Il tema è stato affrontato in diretta su “Lavori in Corso”, dove Borghi ha criticato aspramente quella che definisce una narrazione selettiva e strumentalizzata del dato economico. La polemica arriva in un momento delicato: mentre il differenziale tra Btp e Bund tedeschi è ai minimi dal 2007 (84,8 punti), i titoli di Stato italiani rendono meno di quelli francesi a 2 e 5 anni. Un sorpasso storico, eppure – osserva Borghi – ignorato quasi completamente in Italia.
“Quando lo spread saliva – ricorda Borghi – ogni telegiornale apriva con l’allarme, con titoli drammatici come ‘Fate presto!’. Era diventato una forma di terrore quotidiano. Ora che il dato è positivo, tutto tace. Come mai?”
L’accusa è chiara: la narrazione dello spread sarebbe stata usata a fasi alterne, secondo la convenienza politica del momento. “È stata un’arma – continua Borghi – usata per demolire governi scomodi e imporre agende economiche. Quando serve terrorizzare l’opinione pubblica, lo spread esiste. Quando invece potrebbe dare una lettura favorevole, scompare”.
Il paradosso che Borghi sottolinea riguarda soprattutto la comparazione con la Francia.
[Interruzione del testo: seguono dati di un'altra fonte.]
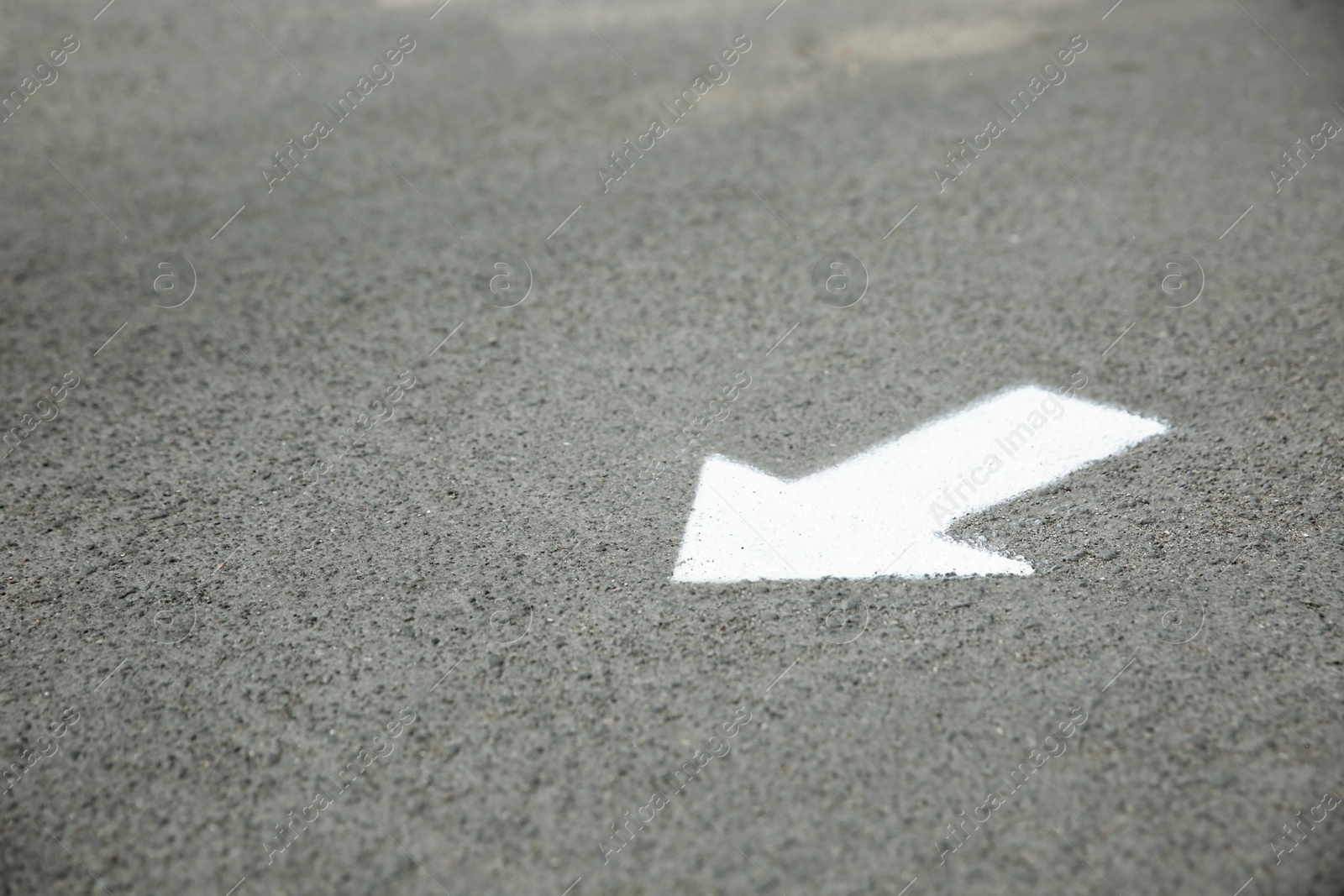White arrow painted on asphalt. Space for text Photo of White arrow painted on asphalt. Space for text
I titoli italiani a 2 e 5 anni oggi rendono meno di quelli francesi, segnale evidente che i mercati ritengono Roma più affidabile di Parigi nel breve periodo. Una notizia che in Francia ha occupato le prime pagine dei quotidiani economici – come Les Echos – ma che in Italia ha avuto ben poco spazio.
“In Francia sono furiosi, da loro è considerata una notizia enorme – afferma Borghi – Ma da noi? Silenzio assoluto. Nessuno ne parla. Nemmeno la Rai. Altro che ‘TeleMeloni’…”
Il senatore rievoca anche momenti cruciali della politica italiana legati allo spread: “Abbiamo avuto due governi tecnici giustificati con l’allarme spread. Quando era sopra quota 500 nessuno muoveva un dito, fino a quando la BCE decise di intervenire solo dopo la caduta di Berlusconi. Allora arrivò Draghi con il suo famoso ‘Whatever it takes’. Stranamente, da quel momento lo spread calò”.
Borghi ricorda anche un esempio emblematico: “Vi ricordate quando si parlava della ‘Papi’s Tax’? Uno studio pseudo-scientifico attribuiva allo spread italiano il costo della presenza di Berlusconi. Una follia totale, ma che veniva spacciata come verità accademica”.
Il senatore respinge l’idea che il basso spread attuale sia merito delle istituzioni europee: “La verità è che oggi il nostro spread è basso per merito nostro, non della BCE. Non possono farlo salire artificialmente, anche se qualcuno lo vorrebbe. I fondamentali italiani sono migliorati, ed è questo che pesa sui mercati”.
E aggiunge: “La Francia va male, la Germania è in affanno, noi sembriamo più solidi. Non è solo fortuna, è anche frutto di buone scelte economiche. Eppure questo risultato viene ignorato o minimizzato”.
Il vero bersaglio di Borghi, in fondo, non è lo spread, ma il modo in cui viene raccontato: “L’informazione mainstream è in mano alla sinistra – afferma – e usa i dati economici come strumenti di pressione. Quando possono servire a spaventare, li sbattono in prima pagina. Quando raccontano un successo, allora meglio non parlarne”.
Lo spread è crollato, ma l’allarme è sparito. Non perché il problema non esista più, ma perché ora non fa più comodo raccontarlo. Questo, secondo Claudio Borghi, è il segnale più evidente di un’informazione non imparziale, che si muove a seconda delle convenienze politiche del momento.
Una riflessione che interroga non solo il mondo della finanza, ma anche quello – oggi sempre più decisivo – della comunicazione e della narrazione pubblica.